Despite his expulsion from the college his work was included in the lauded Young Contemporaries exhibition of 1961 along with his former student cohort. He then lived and worked in New York for a while where he decided to pursue the ‘toughness’ he wanted to engender in his own work. Here he “discovered a rich fund of imagery in sexually motivated popular illustration of the 1940s and 1950s.” As he later explained: “Fetishism and the transgressive world produced images that I liked because they were dangerous. They were about personal obsessions.
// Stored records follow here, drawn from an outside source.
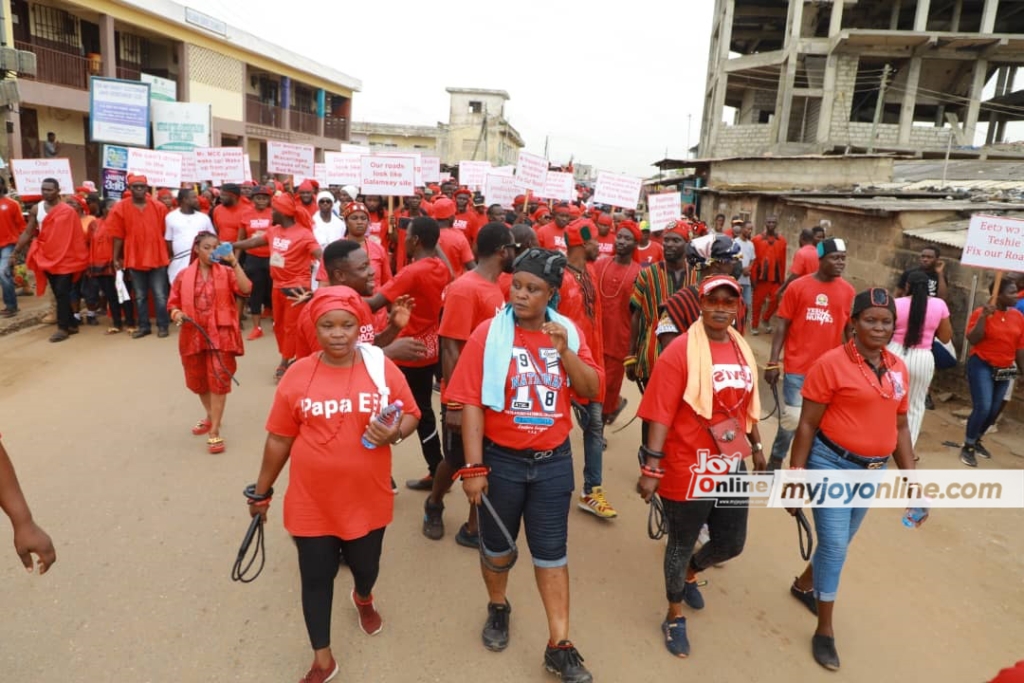 Photos: Teshie residents demonstrate over poor roads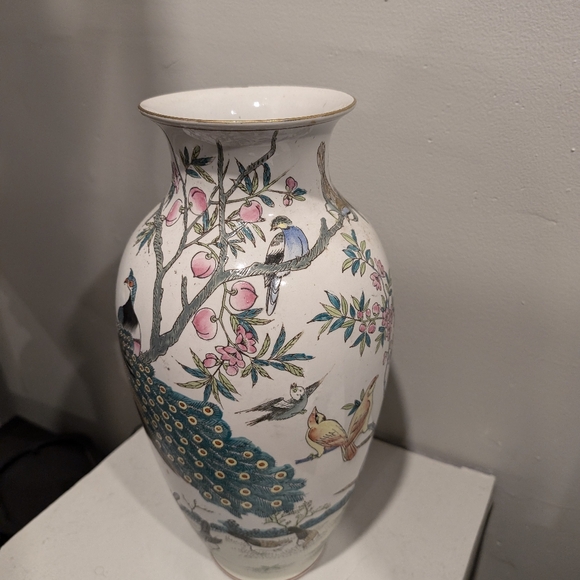 Antique Asian style Vase - Picture 3 of 3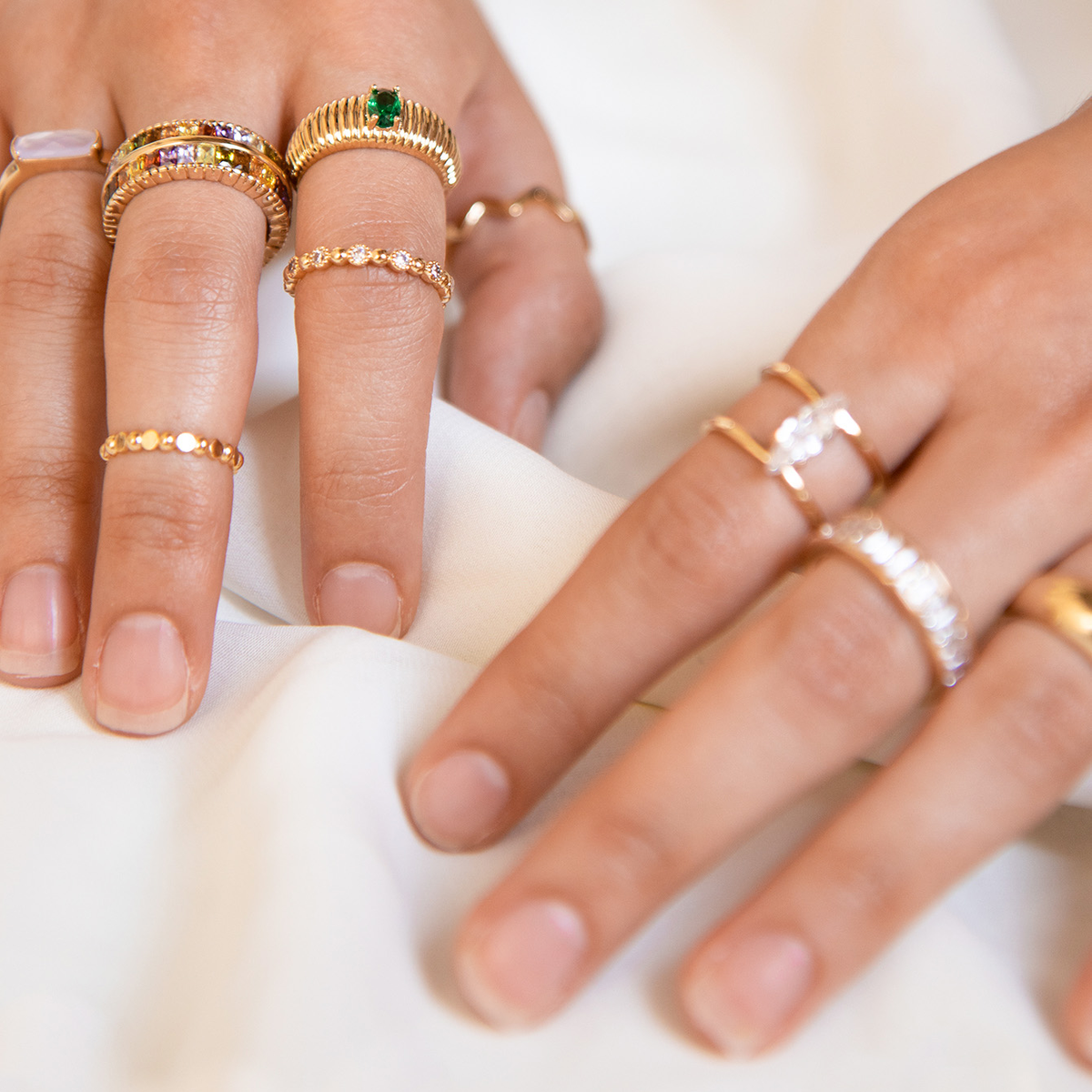 Bague fine plaqué or vue porté 
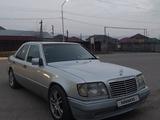 Mercedes-Benz E 280 1993 года за 2 300 000 тг. в Алматы – фото 2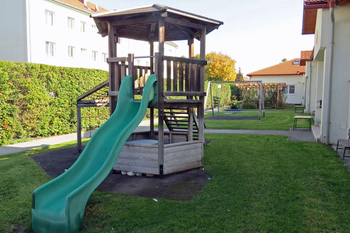 Garten mit Rutsche.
They stood outside the accepted canons of artistic expression.”
In 1964 he was joined by his close friend Peter Phillips and for two years they travelled together throughout the country developing their own styles. On his return to England, Jones began working in sculpture using figures of women as furniture and creating erotic fibreglass sculptures that portrayed women as lugubrious mannequins, often incorporating rubber fetishism and BDSM. Over the years his works have been met with strong protests and when exhibited have been attacked and damaged. He insists “the artist cannot worry about how someone might misconstrue the work.”